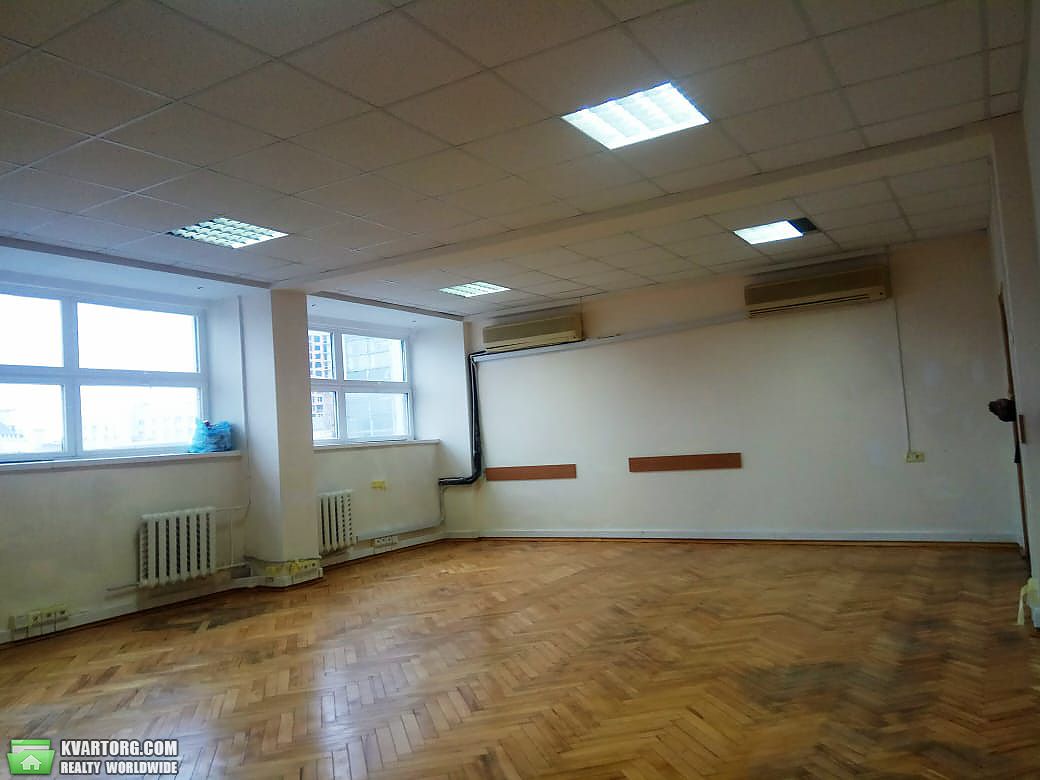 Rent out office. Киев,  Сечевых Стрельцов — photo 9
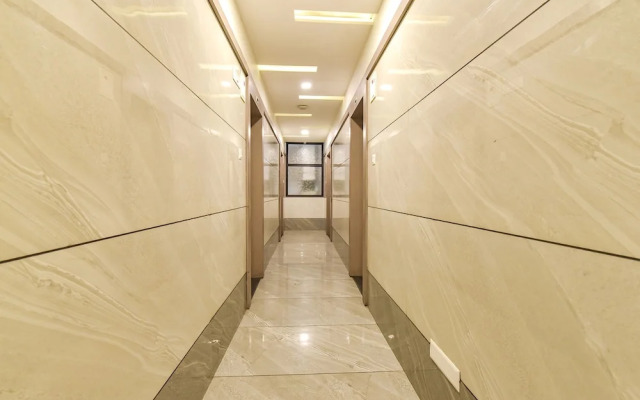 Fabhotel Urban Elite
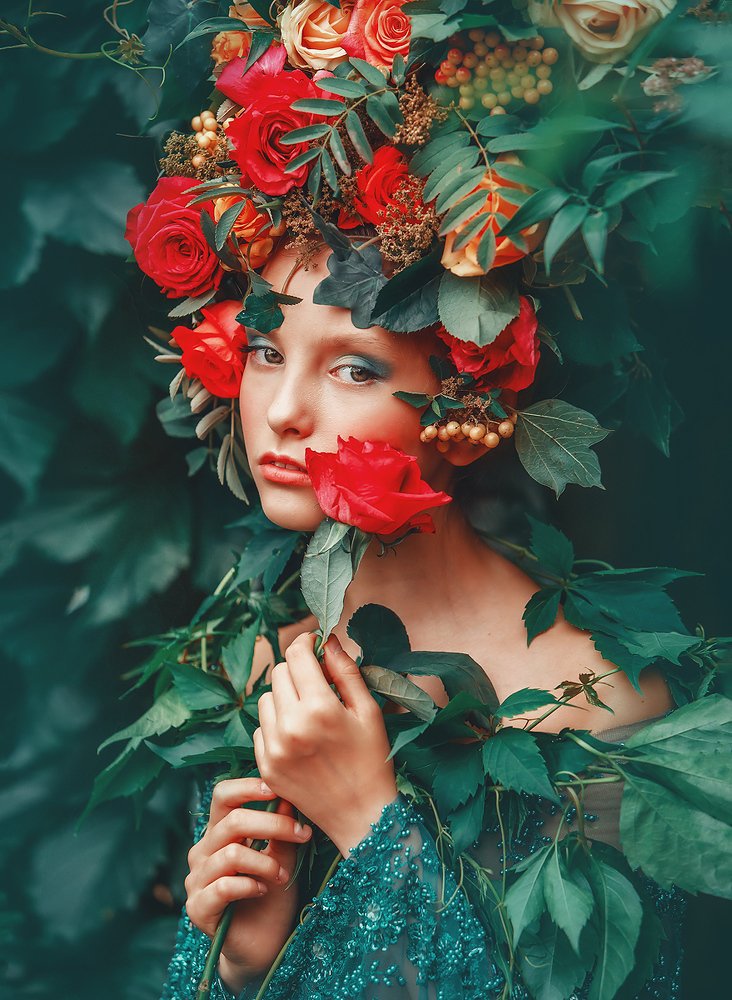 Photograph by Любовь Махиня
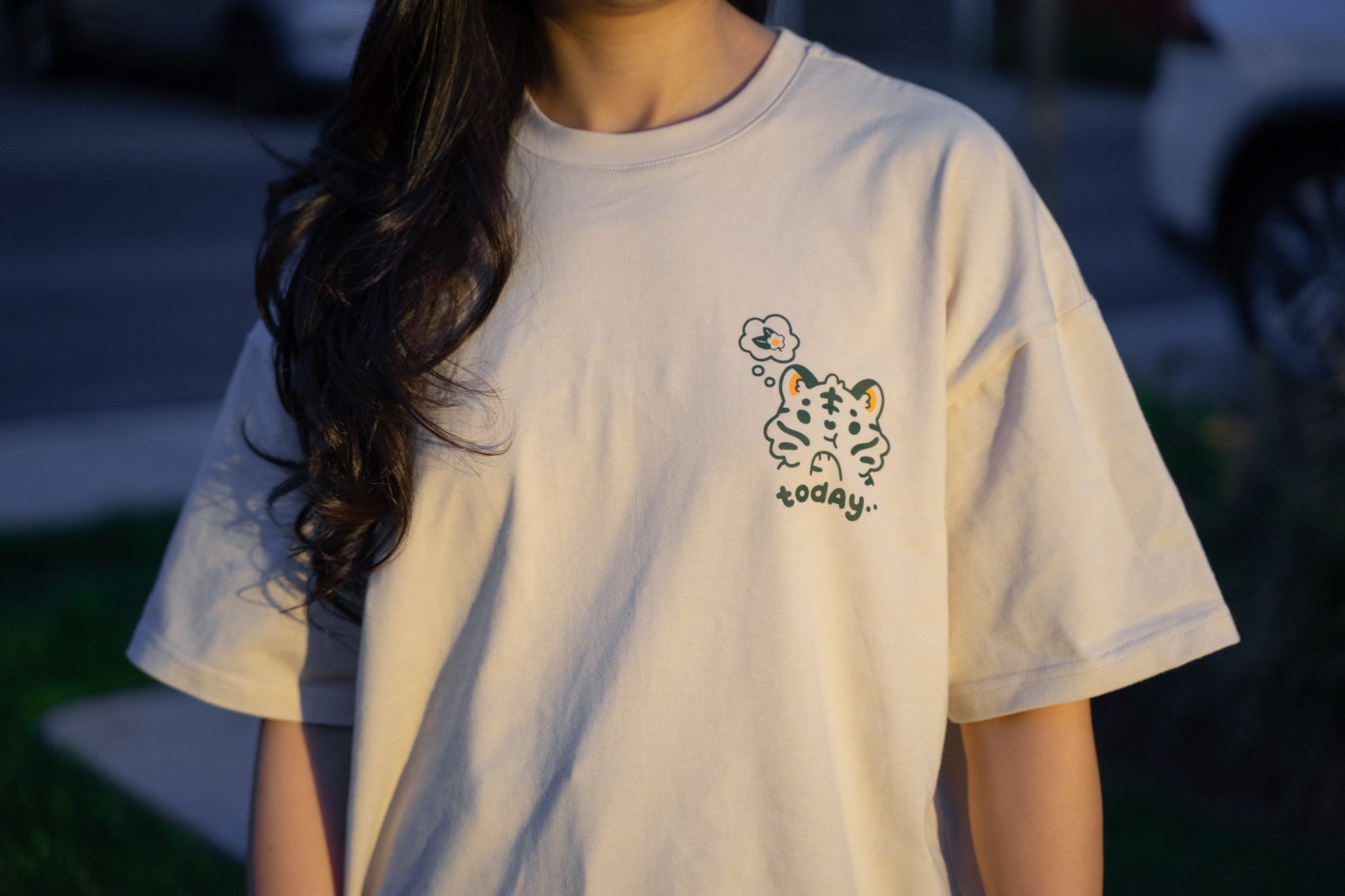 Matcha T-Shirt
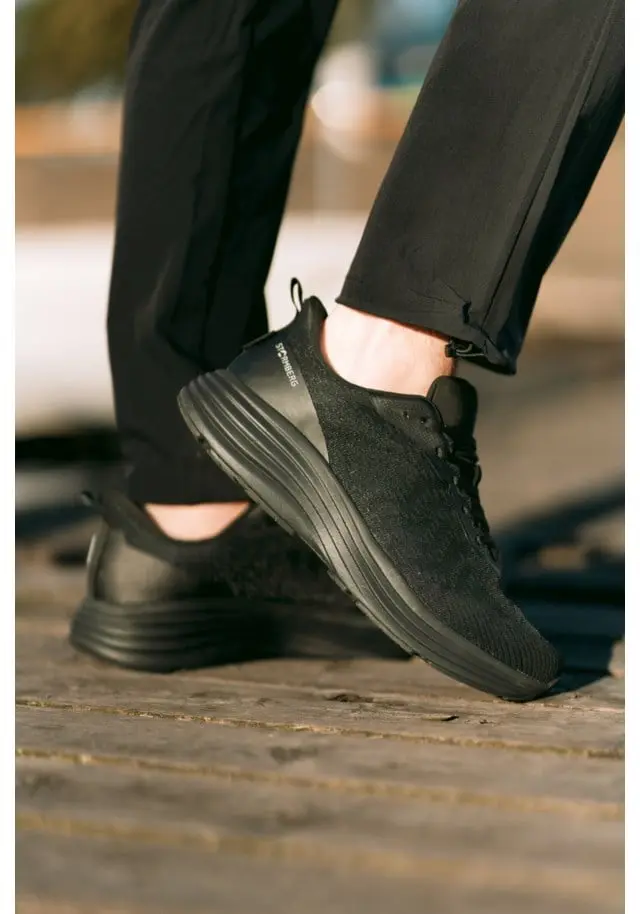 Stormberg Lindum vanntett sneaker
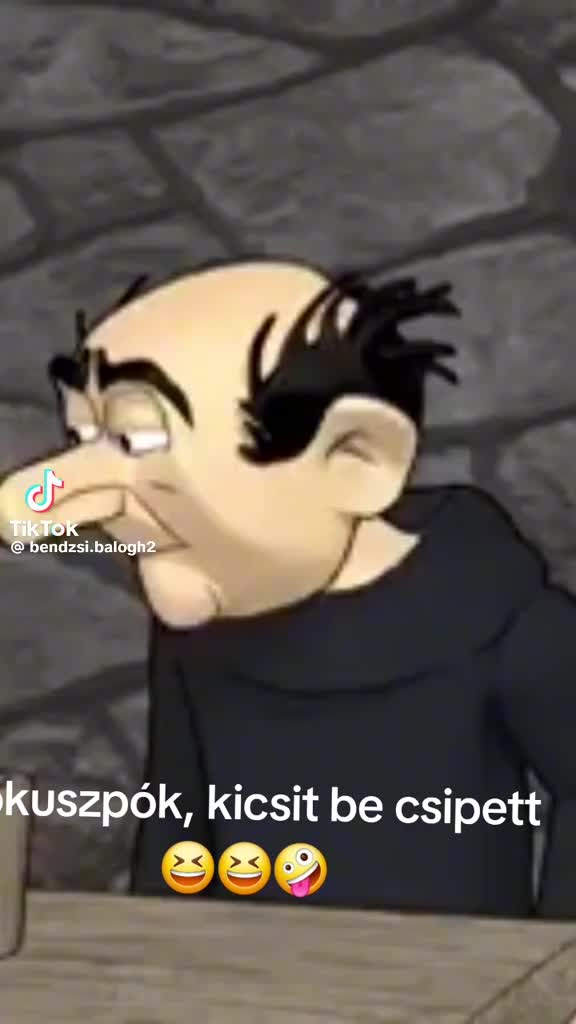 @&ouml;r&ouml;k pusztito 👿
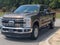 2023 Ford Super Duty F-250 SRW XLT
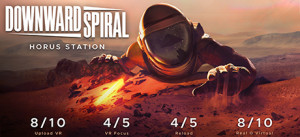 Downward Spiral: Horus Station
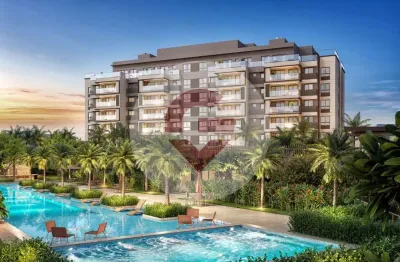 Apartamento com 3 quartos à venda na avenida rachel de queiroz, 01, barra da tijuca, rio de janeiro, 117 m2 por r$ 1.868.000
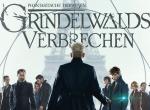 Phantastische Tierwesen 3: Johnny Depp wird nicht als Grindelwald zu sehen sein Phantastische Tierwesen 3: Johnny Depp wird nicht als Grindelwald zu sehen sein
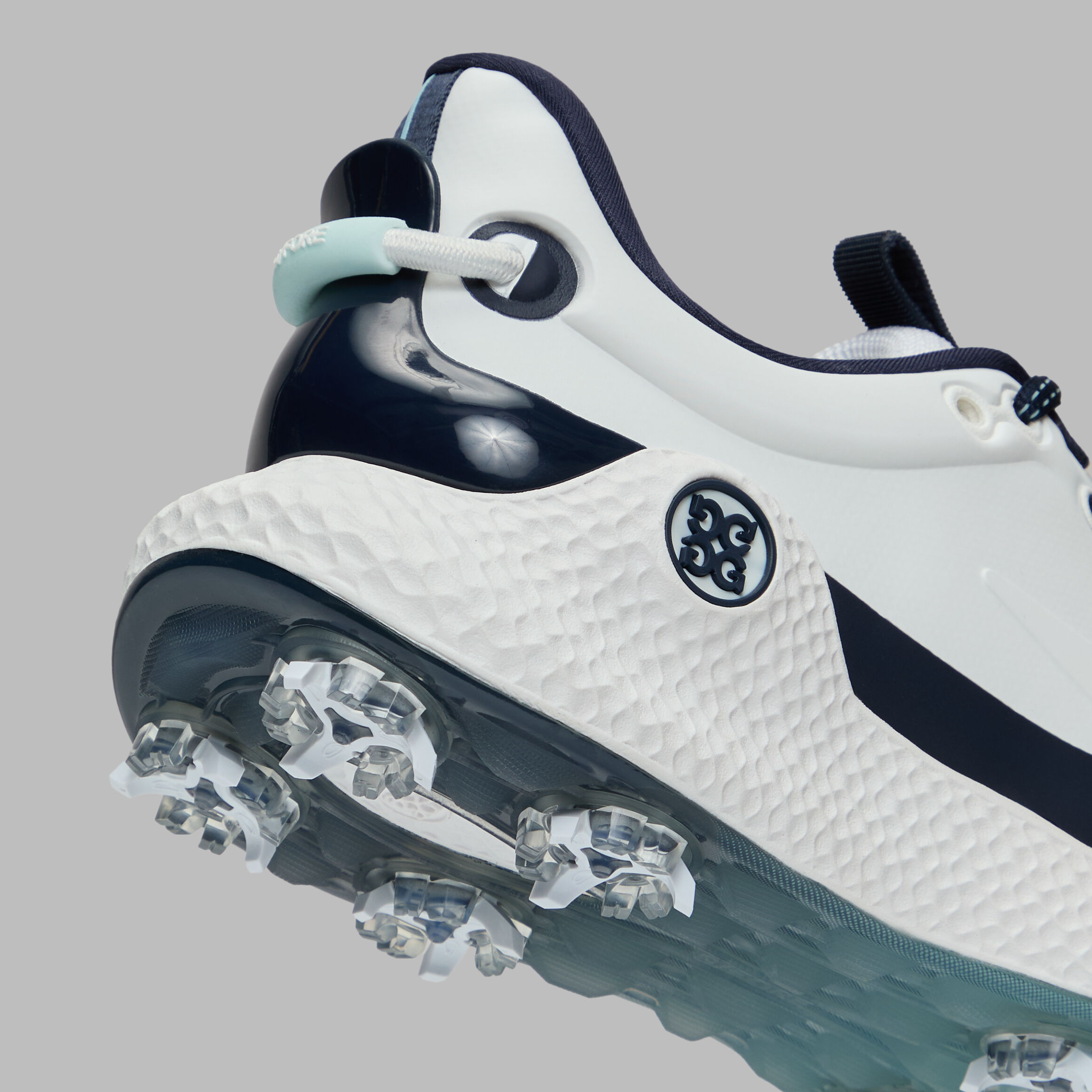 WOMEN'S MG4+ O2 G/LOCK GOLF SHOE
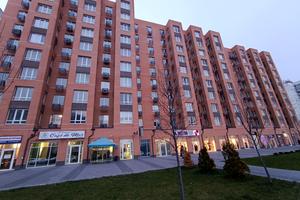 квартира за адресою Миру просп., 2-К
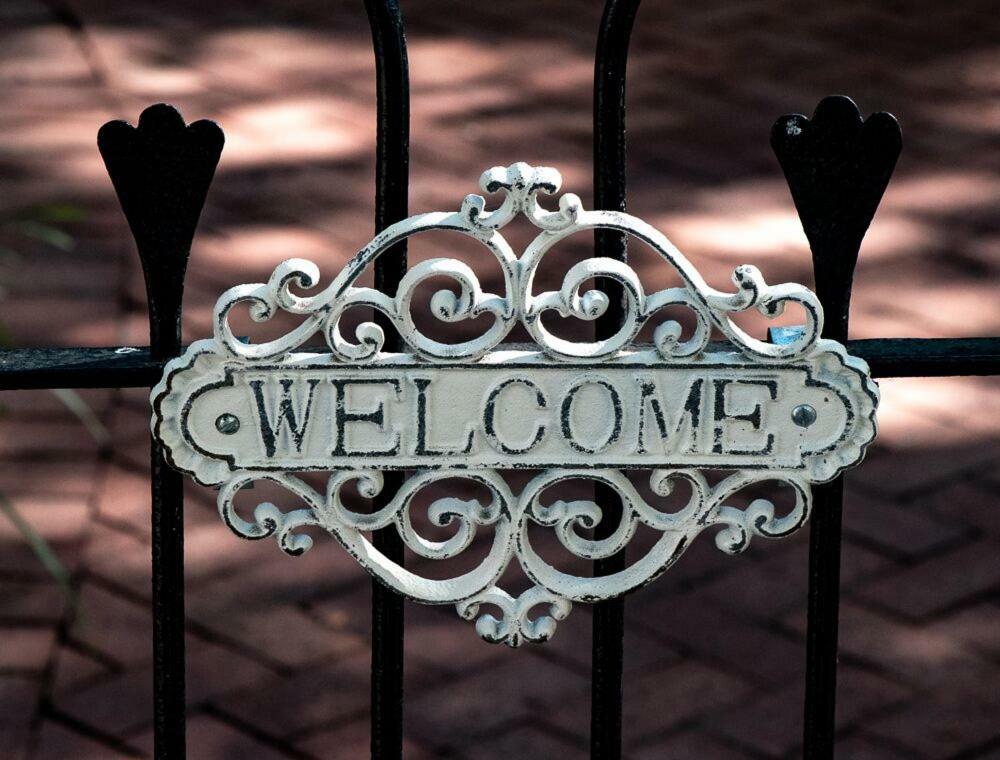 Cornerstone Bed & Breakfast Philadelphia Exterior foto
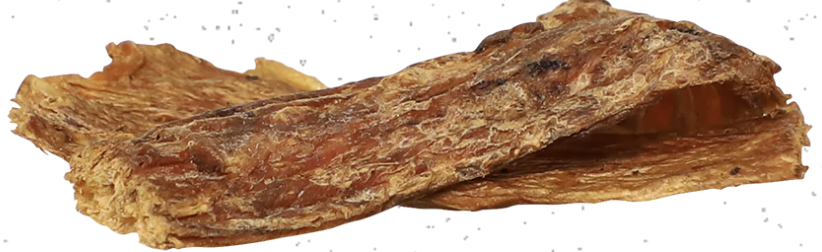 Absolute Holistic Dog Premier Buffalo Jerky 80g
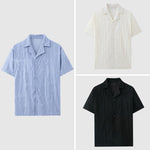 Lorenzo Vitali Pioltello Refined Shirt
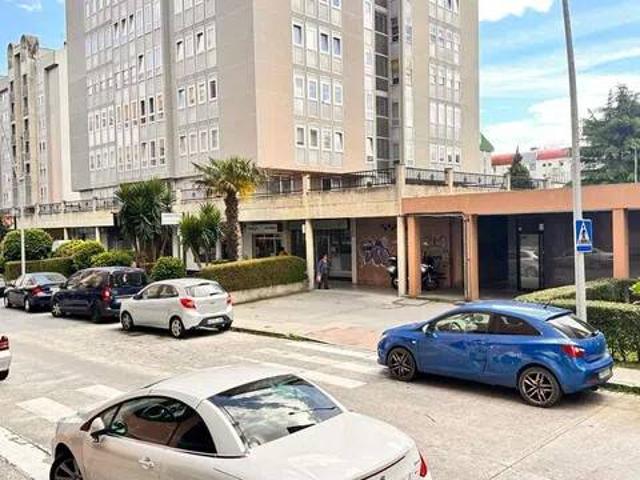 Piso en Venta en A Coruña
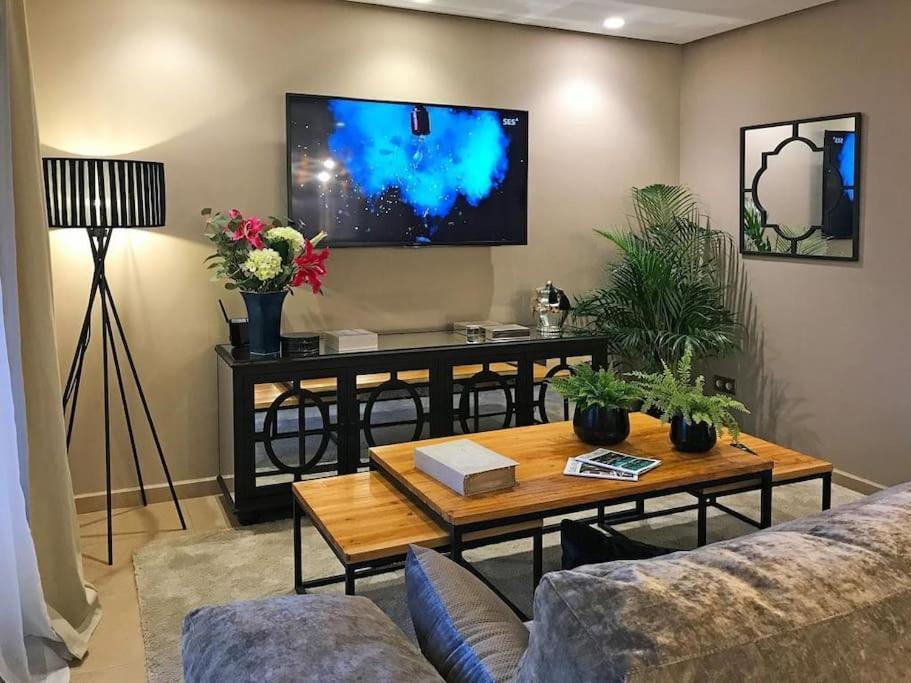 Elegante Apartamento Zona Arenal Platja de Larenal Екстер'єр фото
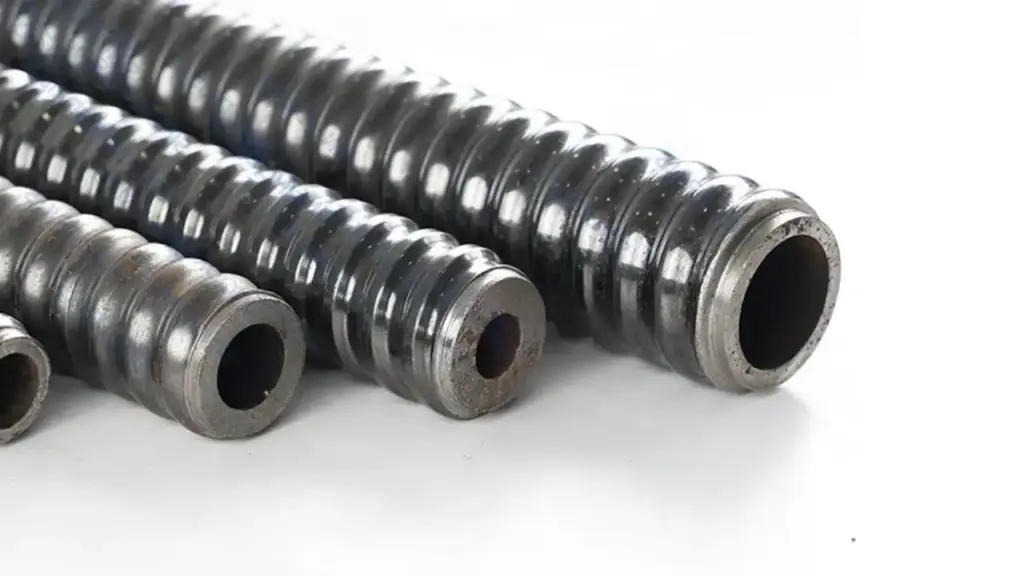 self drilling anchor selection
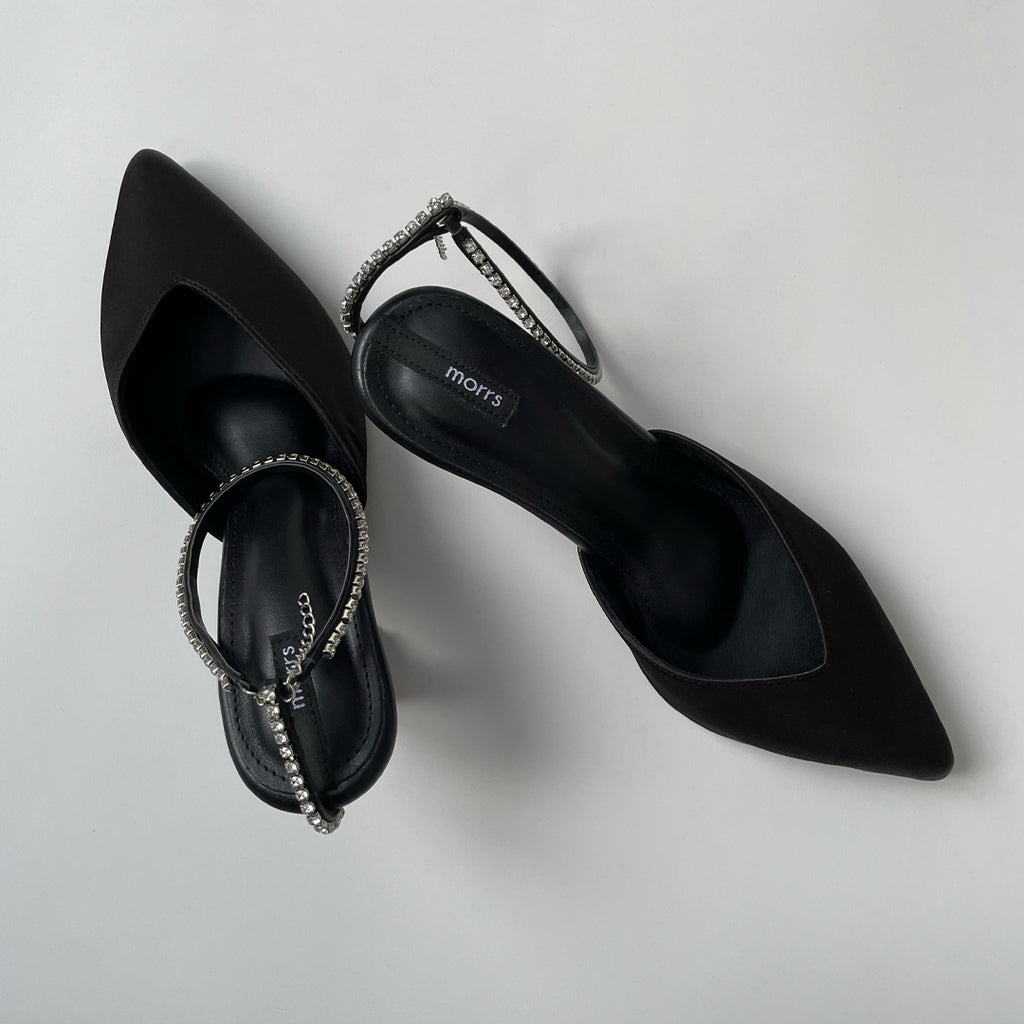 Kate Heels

Task directions:
Here the requirement is to restate exactly the line holding "квартира за адресою Миру просп., 2-К" and every later line through the end of the material, omitting pictures.

Answer for the task:
 квартира за адресою Миру просп., 2-К
 Cornerstone Bed & Breakfast Philadelphia Exterior foto
 Absolute Holistic Dog Premier Buffalo Jerky 80g
 Lorenzo Vitali Pioltello Refined Shirt
 Piso en Venta en A Coruña
 Elegante Apartamento Zona Arenal Platja de Larenal Екстер'єр фото
 self drilling anchor selection
 Kate Heels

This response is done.